Time is just one of the many things taken for granted by this lifestyle. Days go by just trying to get work finished or at least do just enough to get by, rarely making an effort to best utilize their time, or even think about it. At work or during school, time is most often spent daydreaming and looking at the clock waiting until it is time to head home. Time at home is no better spent, watching telivision for hours at a time (6 hours and 47 minutes on average), children, young and old, waste their timeon video games rather than bettering themselves by studying, or by going out and experiencing the world first hand. The time that spent on meaningless things could be used to make a better nation and even a better world. We could use this wasted time on things such as charity, or helping others who are in need. The answer in correcting our waste of time is perhaps in our own past.

In the past society valued its time strongly. People of these time periods understood that the work they were able to complete was all dependent on the time available. With less technology and more hard work necessary to get by they knew that the way to survive was in the way they used time. Farming was the primary way of life and it was important to get all work finished during the day because if you did not then the work would have to be completed on the next day. If this procrastinate society would look to this period and take notice of the way they treated time and how they used it wisely it would benefit the world and improve the way people live today.

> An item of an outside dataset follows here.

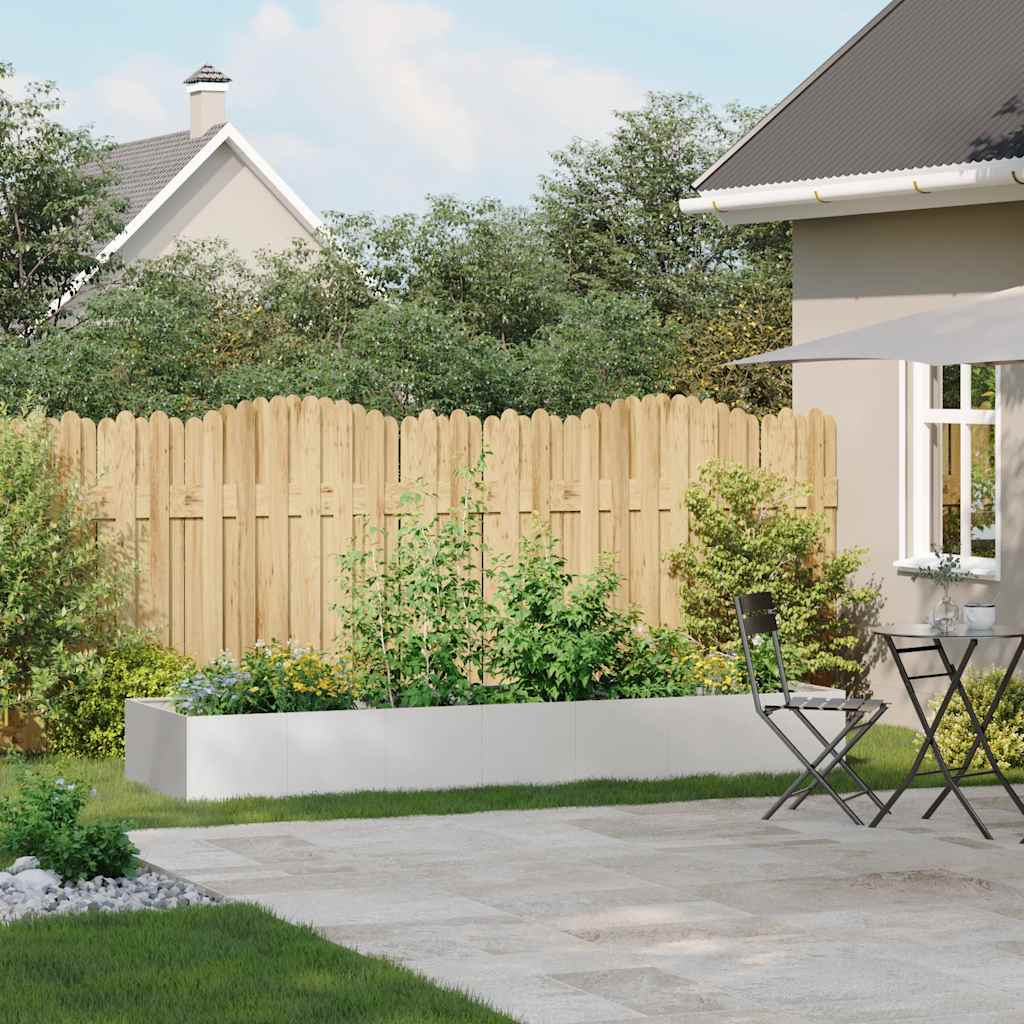 Vidaxl plantenbak 280x80x40 cm roestvrij staal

Easy, cheap access to information, food, transportation and products people desire has caused waste to grow. From food waste that could easily be prevented to that of the environment – one which much research would be required to better solve – to time – a waste rarely mentioned but very common – this society has been growing increasingly wasteful. It is so much easier and requires no thought to just leave the sandwich on the table or throw the empty bottle on the ground. Why do more work on the school project when friends are waiting to kill more zombies in that new zombie game? We have the time, the brain power, and the resources to fix this problem, let's not waste it.